Yesterday, in the press release Greenhouse gas benchmark reached, NOAA announced:
Global carbon dioxide concentrations surpass 400 parts per million for the first month since measurements began.
The press release begins:
For the first time since we began tracking carbon dioxide in the global atmosphere, the monthly global average concentration of this greenhouse gas surpassed 400 parts per million in March 2015, according to NOAA’s latest results.
“It was only a matter of time that we would average 400 parts per million globally,” said Pieter Tans, lead scientist of NOAA’s Global Greenhouse Gas Reference Network. “We first reported 400 ppm when all of our Arctic sites reached that value in the spring of 2012. In 2013 the record at NOAA’s Mauna Loa Observatory first crossed the 400 ppm threshold.
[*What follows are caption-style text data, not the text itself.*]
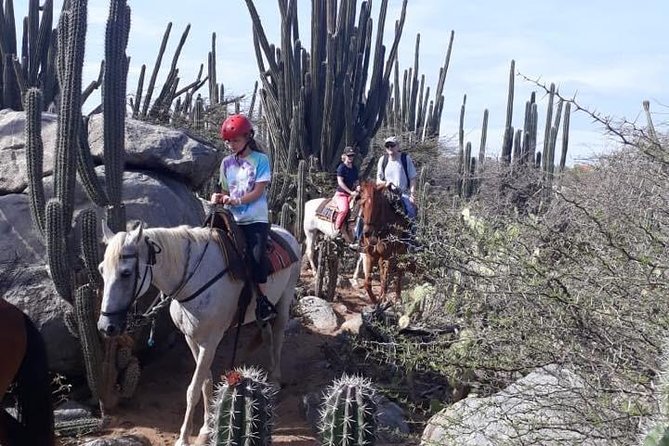 Aruba Countryside: Horseback Adventure to Urirama Cove - What the $115 price includes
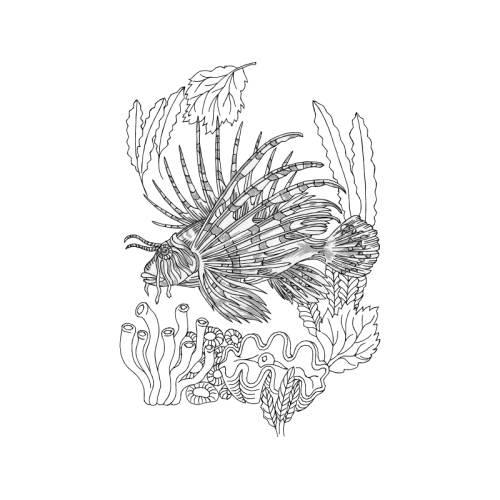 Drawing Animals Drawing Animals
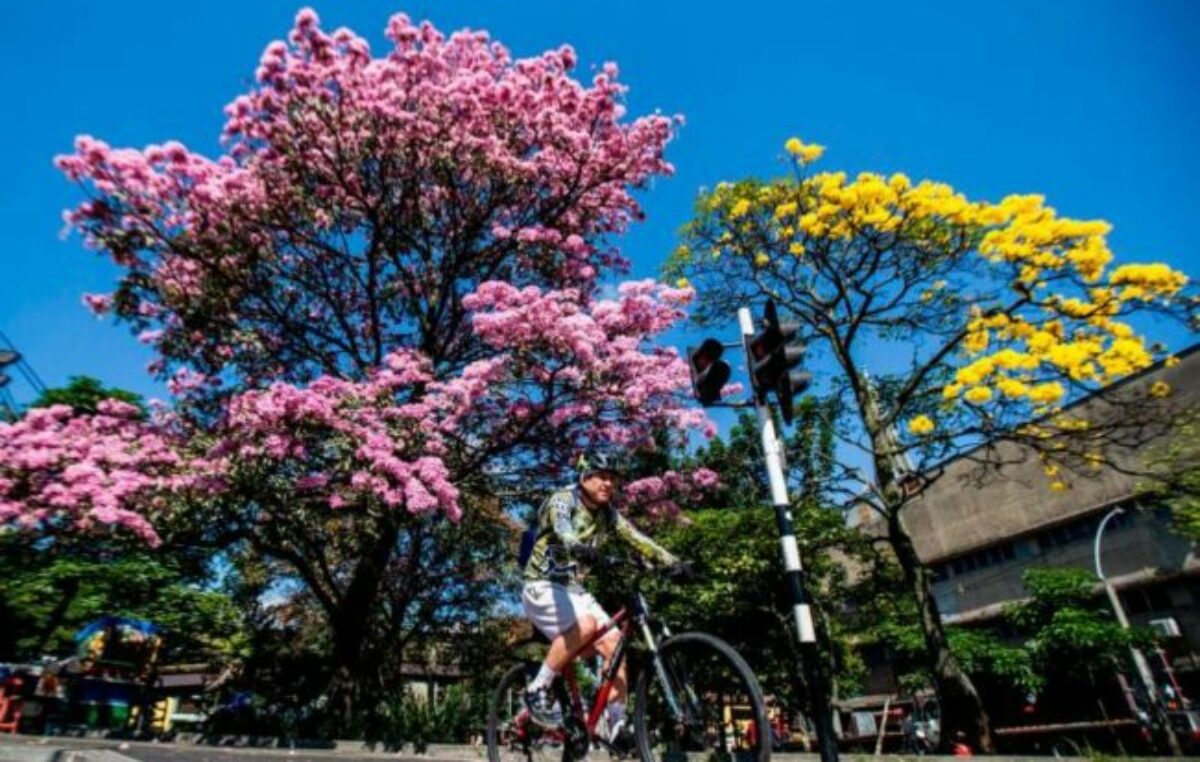 Los árboles y su impacto ambiental en la ciudad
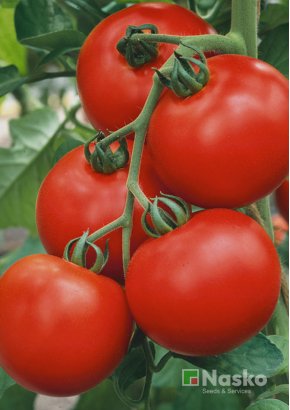 Томат високорослий	СЕНТРАЛЬ F1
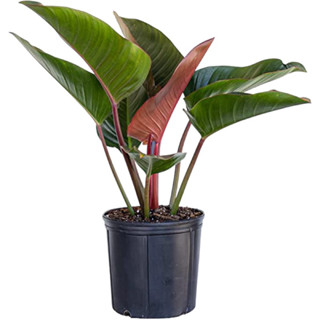 เรดคองโก้ กระถาง 11 นิ้ว(Philodendron red congo rojo) pot”11 Size L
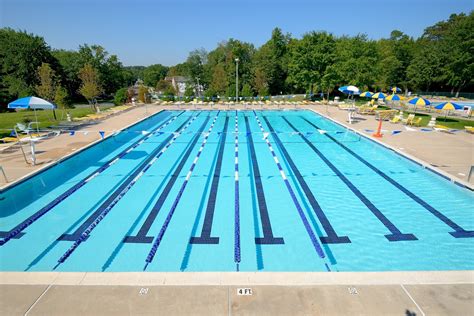 Our Pool Team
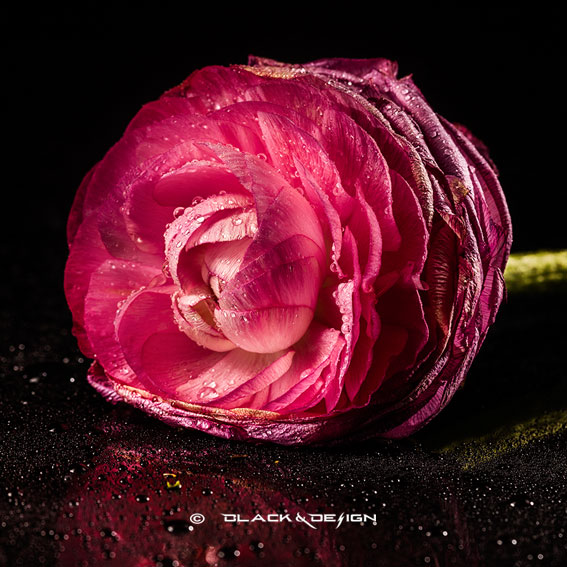Call me Ranunkel är ett foto på en blöt rosa Ranunkel-blomma mot svart bakgrund i kvadratiskt format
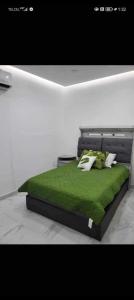a bed with a green blanket and pillows on it at Gemela1 in Puerto Peñasco +26 photos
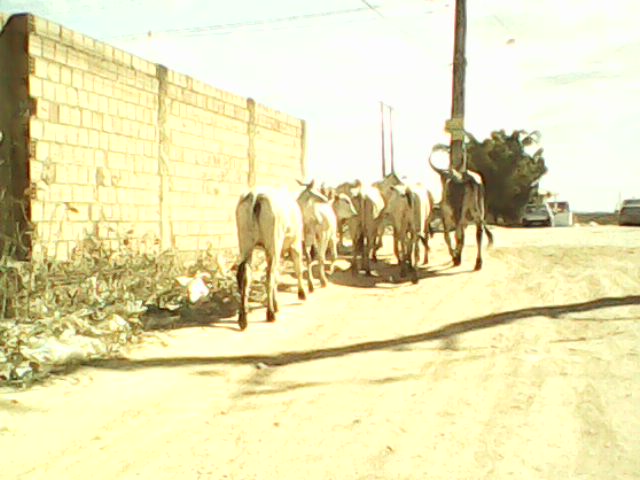 02d42acf3eedbcacb1eb68530d4d953a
Reaching 400 parts per million as a global average is a significant milestone.
After a few general discussions, the press release ends:
James Butler, director of NOAA’s Global Monitoring Division, added that it would be difficult to reverse the increases of greenhouse gases which are driving increased atmospheric temperatures. “Elimination of about 80 percent of fossil fuel emissions would essentially stop the rise in carbon dioxide in the atmosphere, but concentrations of carbon dioxide would not start decreasing until even further reductions are made and then it would only do so slowly.”
“…difficult to reverse…”? I’ll let you comment on that.